- Born: 1942 (age 83–84)
- Education: University of Heidelberg
- Known for: Gliese Catalogue of Nearby Stars
- Scientific career
- Fields: astronomy
- Workplaces: Astronomisches Rechen-Institut

= Hartmut Jahreiß =

German astronomer (born 1942)

Hartmut Jahreiß (born 1942) is a German astronomer associated with Astronomisches Rechen-Institut specializing in the study of nearby stars.

==Work==
Hartmut Jahreiß obtained his PhD from the University of Heidelberg.

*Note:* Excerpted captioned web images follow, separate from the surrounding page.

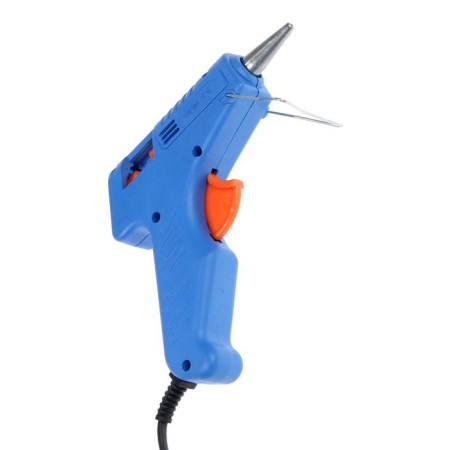 Tundra glue gun, 20 watts, 220 V, switch, indicator, long nozzle, 7 mm-10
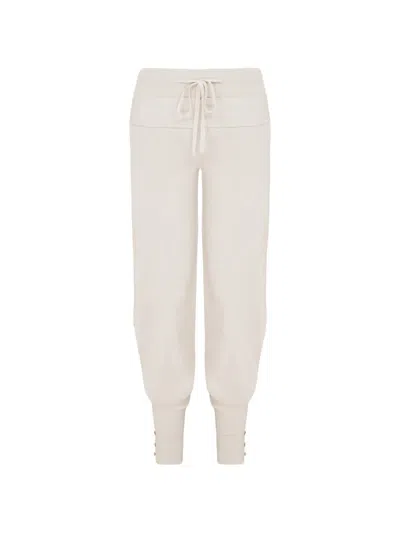Violante Nessi Maru Buttoned Trousers In Neutral
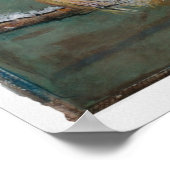 キュートウィンターブラックキャップ《鳥》アメリカゴガラアートプリント ポスター (角)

His thesis was on the spatial distribution, kinetics and age of stars near the Sun. Jahreiß soon began work at Astronomisches Rechen-Institut with Wilhelm Gliese, a world-renowned authority on nearby stars. Jahreiß is best known for his collaboration with Gliese on the publication of new editions of the Gliese Catalogue of Nearby Stars in 1979 and 1991. Upon the death of Gliese in 1993, Jahreiß wrote Gliese's obituary. The Gliese catalog stars are now known by the abbreviation GJ (Gliese–Jahreiß) in recognition of Jahreiß's contribution.

Jahreiß contributed to the Hipparcos catalogs of nearby stars. In 1997, as a member of the Research Consortium on Nearby Stars (RECONS), he identified GJ 1061, at a distance of just 3.68 parsecs, as the 20th closest star to Earth.

The main-belt asteroid, 9861 Jahreiss (1991 RB3), is named in his honor.